## Your objective
The exercise calls for the lines from the one containing "Tableau mural pour" to the end of the data below to be output exactly, pictures excluded.

## Source material
+===+

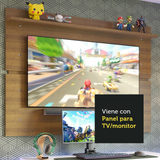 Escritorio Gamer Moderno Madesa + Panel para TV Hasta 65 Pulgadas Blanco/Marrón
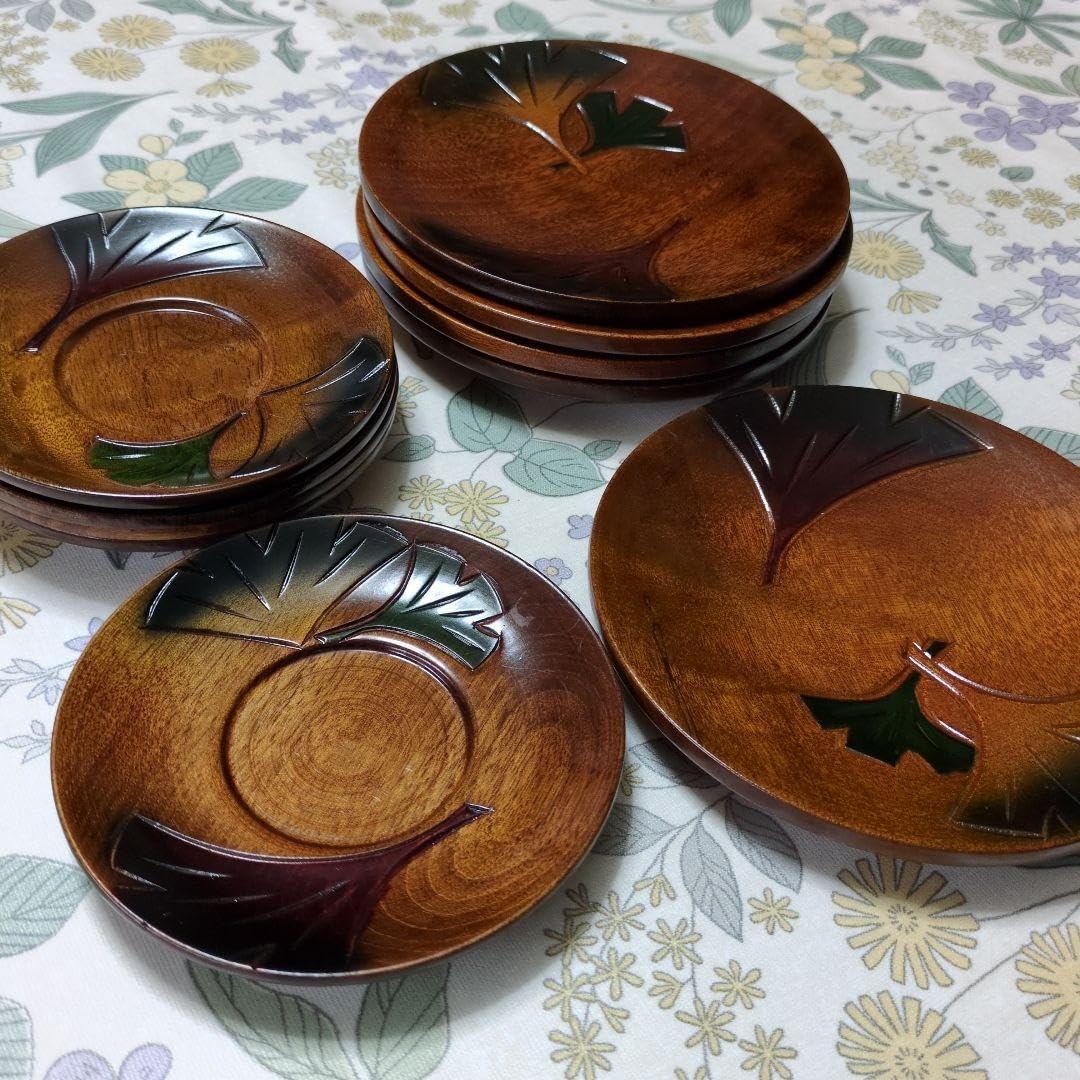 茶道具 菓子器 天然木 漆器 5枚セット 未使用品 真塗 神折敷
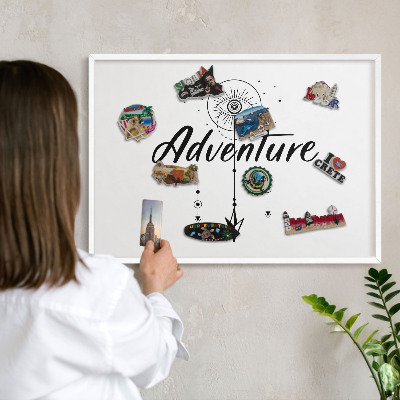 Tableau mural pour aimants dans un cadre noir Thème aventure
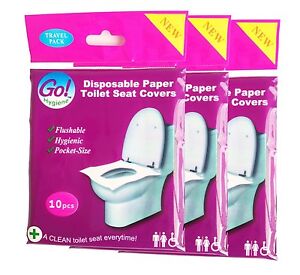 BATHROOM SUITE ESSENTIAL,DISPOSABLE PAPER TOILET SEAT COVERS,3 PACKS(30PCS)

+===+

## Task output
 Tableau mural pour aimants dans un cadre noir Thème aventure
 BATHROOM SUITE ESSENTIAL,DISPOSABLE PAPER TOILET SEAT COVERS,3 PACKS(30PCS)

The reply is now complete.